Students at West-Mont school had a hands-on, close up look at a wolf Thursday as part of an ongoing conservation effort to protect the animal.

Gary Allan, known as the Wolfman, brought his wolf Tundra to the school to help teach kids the value of wolves in the ecosystem, and to rehabilitate their image. Just because it’s a wolf, “doesn’t mean it’s the big, bad wolf,” he said.

Allan toured the four-year-old, 85-pound wolf though the gym. Students had a change to pet the 85-per-cent wolf (15 per cent malamute) and a few were even lucky enough to get a kiss.

Allan raised Tundra from a pup and has toured the animal though different schools for three years. A wild wolf will kill prey such as a deer. Tundra eats a grainless kibble and chicken.

“I want to show them that this is not the big bad wolf,” he said. “It gives them an appreciation of what this animal is about, and that it’s not being demonized as it has been.”

Allan, who also has an eight-year-old male wolf named Meshach, lives with his wife and wolves on Malcom Island near Port McNeill. He was in Victoria with Montana-based wolf biologist Cristina Eisenberg to give a talk at the Royal B.C. Museum for wolf awareness week.

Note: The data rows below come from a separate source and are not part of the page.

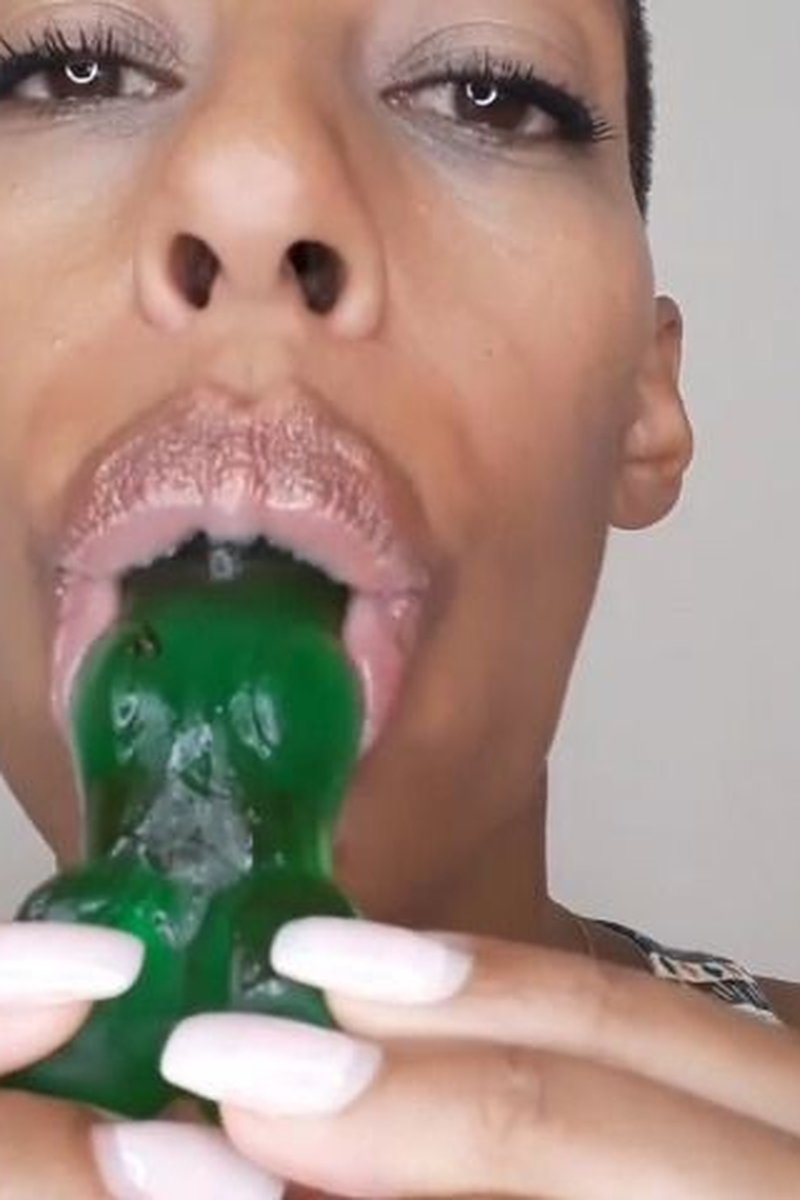 Gummy Bear Devoured Again - Screenshot 1 of 4 - Mouth Fetish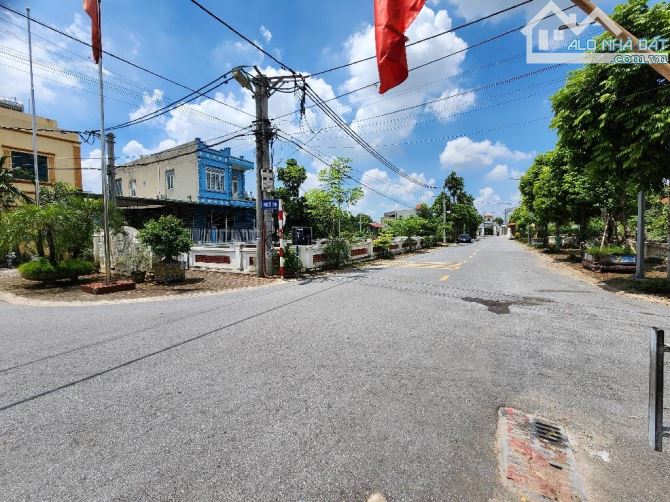 Siêu hiếm, bán đất Dương Quang Gia Lâm, 45m- 1.x tỷ thương lượng.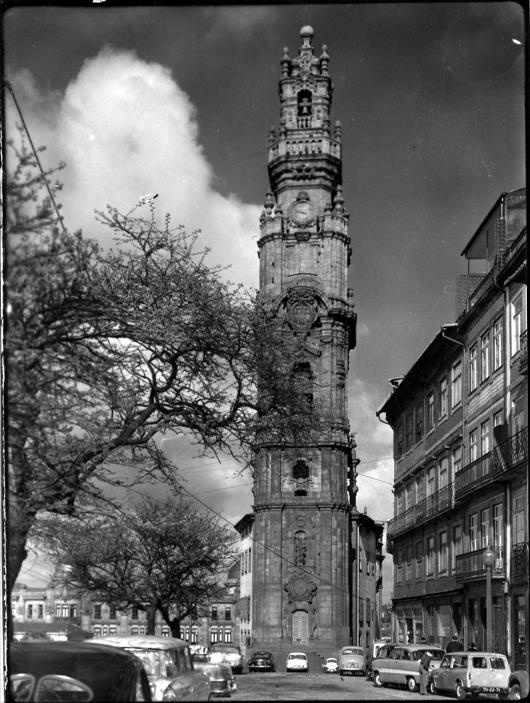 [Nasoni, arquiteto de igrejas : Irmandade dos Clérigos : Torre]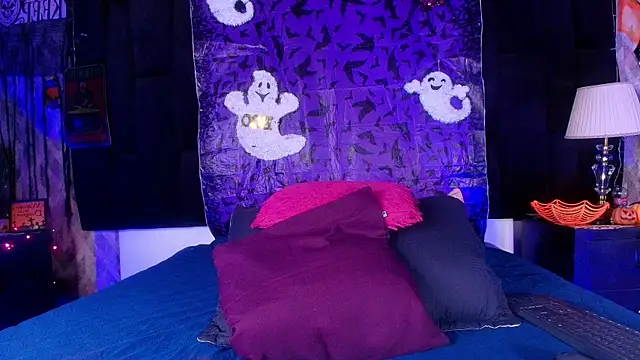 Snapshot of shelsyloreds chatting on October 17, 12:08 pm shelsyloreds online show from October 17, 12:08 pm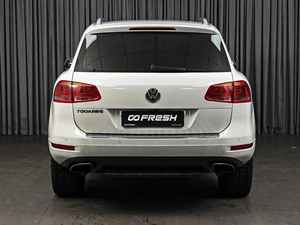 Внедорожник Volkswagen Touareg 2013 года, 2177000 рублей, Ставрополь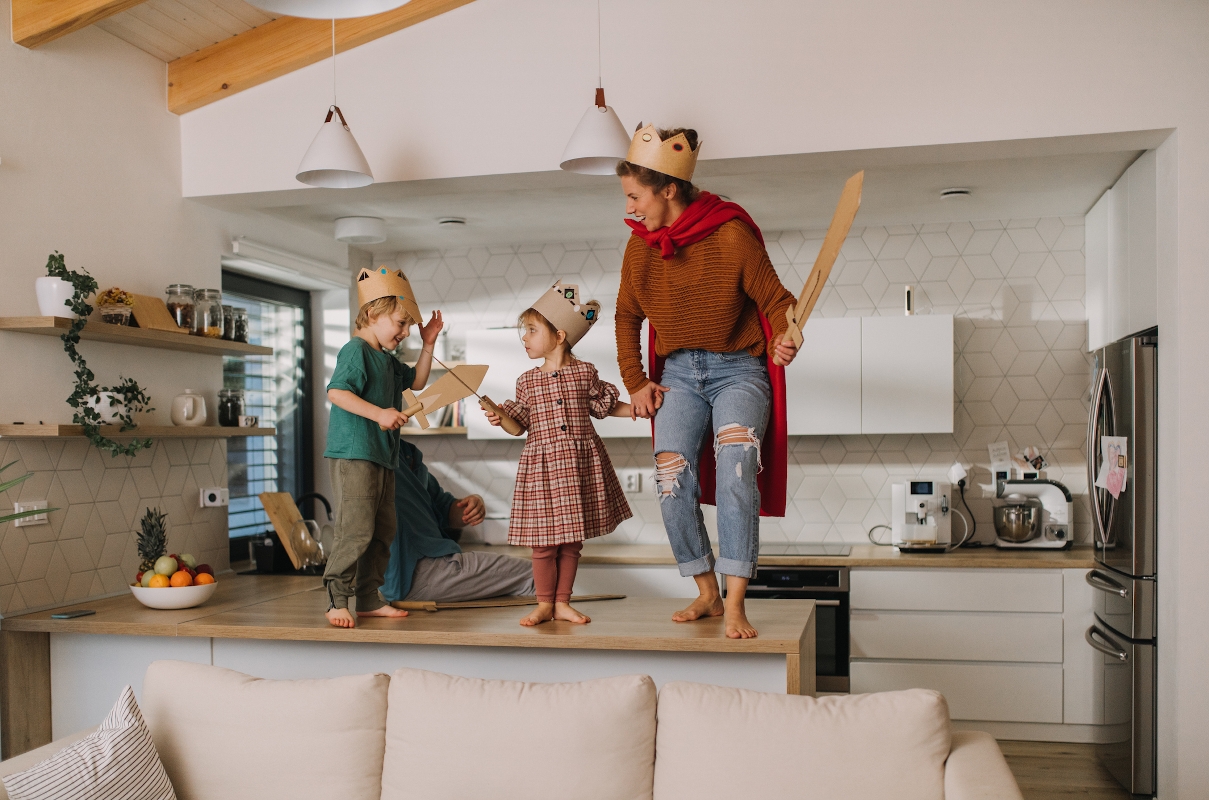 Gyerekek és anya játszanak a konyhában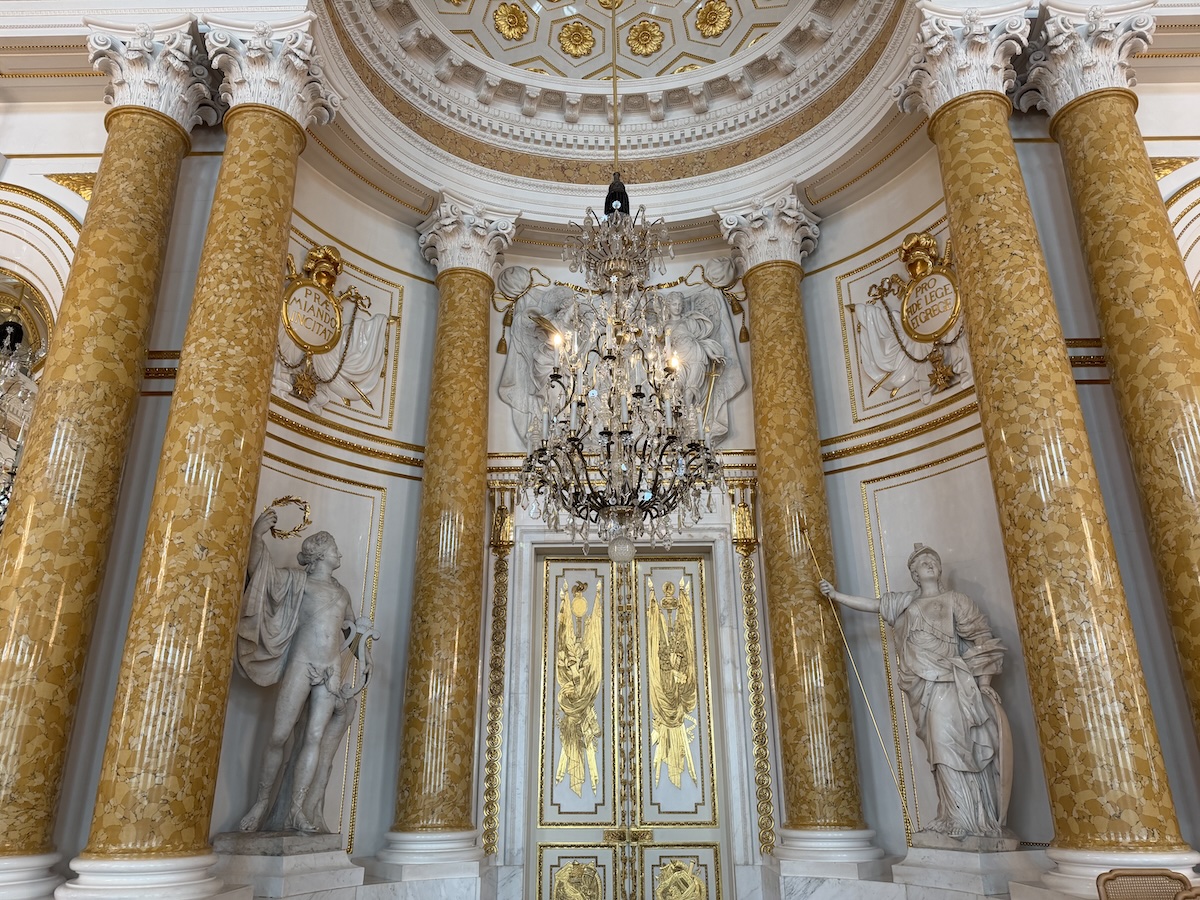Prunkvoller Saal mit goldenen Säulen im Königsschloss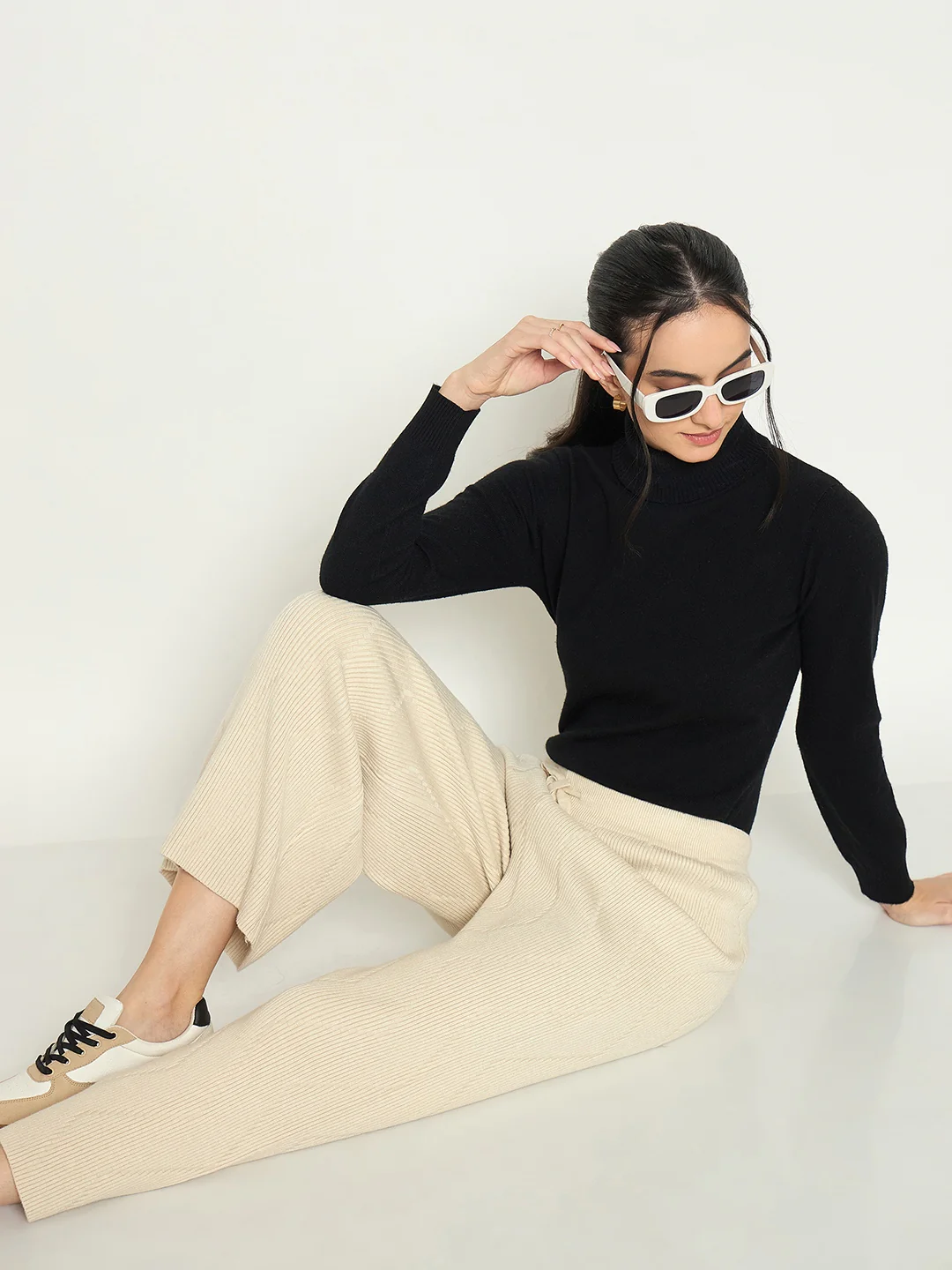Madame Off White Colour Straight Fit Wool Bottoms - Image 2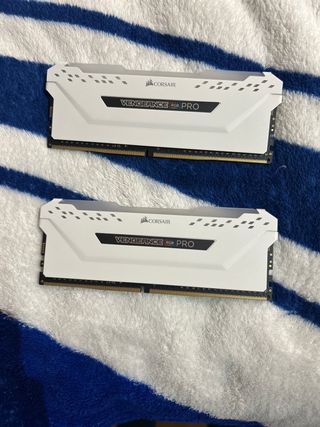 Corsair Vengeance RGB Pro RAM DDR4 16GB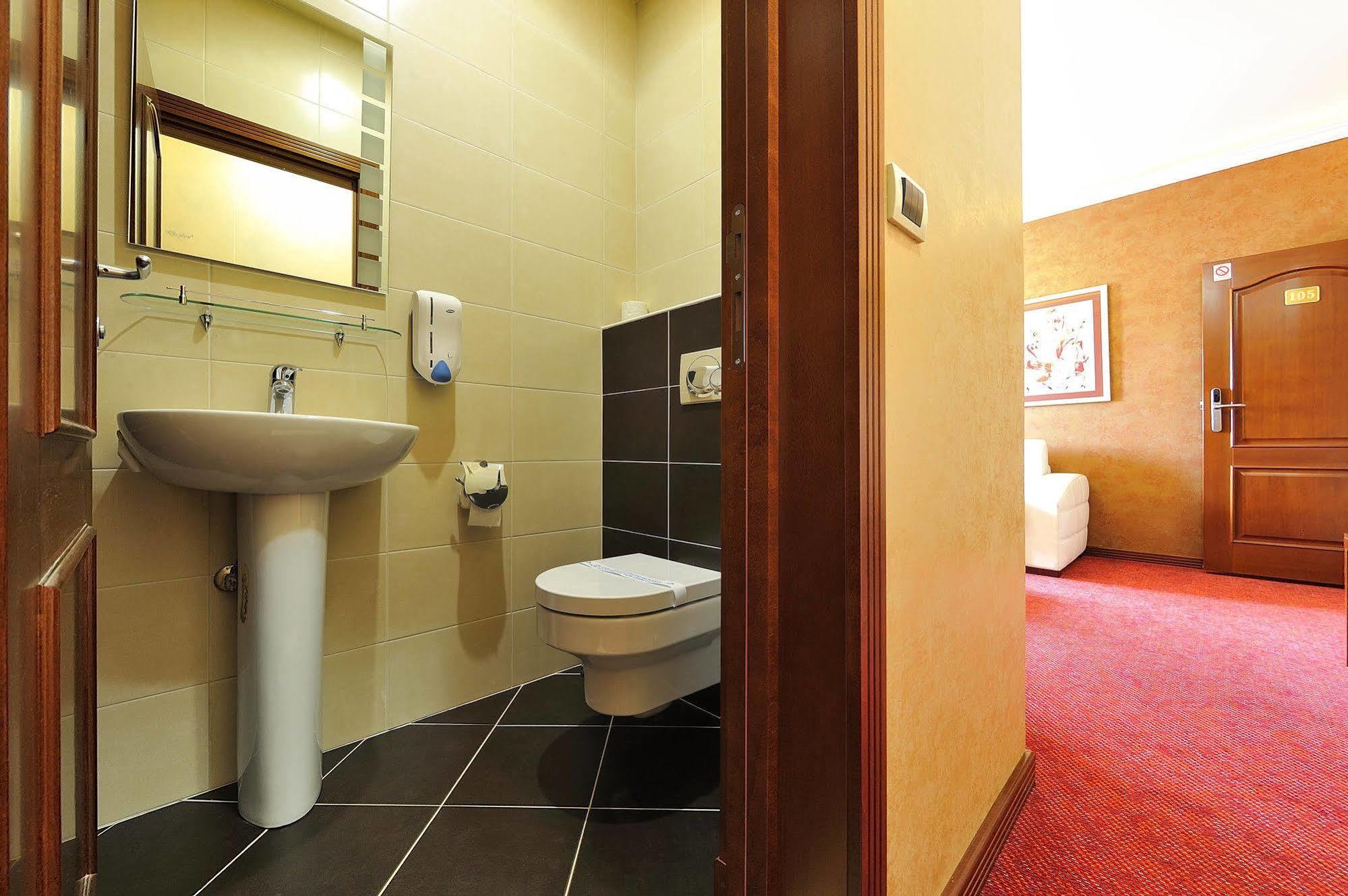 בלגרד Hotel Sucevic Garni מראה חיצוני תמונה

Eisenberg told the students about her work studying and tracking wolves in Canada and the U.S., and shared some wolf history. For decades wolves were hunted for pelts and shot as a threat to livestock. As wolves disappeared, forest ecosystems changed.

“In the early 20th century we all believed the only good predator was a dead one,” Eisenberg said.

Without wolves, animals such as elk and deer can flourish and consume an enormous volume of plant vegetation, she explained. When wolves either return or are reintroduced to areas, trees, shrubs and other plants begin to reclaim the landscape as elk and deer population are reduced and are forced to stay on the move.

“Wolves are a keystone predator and they affect how things grow and the changes that happen,” Eisenberg said.

Wolves and prey tend to find a balance, she continued. Wolves won’t wipe out other animal populations.

“Elk can always outrun a wolf,” Eisenberg said, explaining a wolf can run about 38 miles per hour and elk can run 45 miles per hour. “The elk has to make a dumb choice (to get caught).”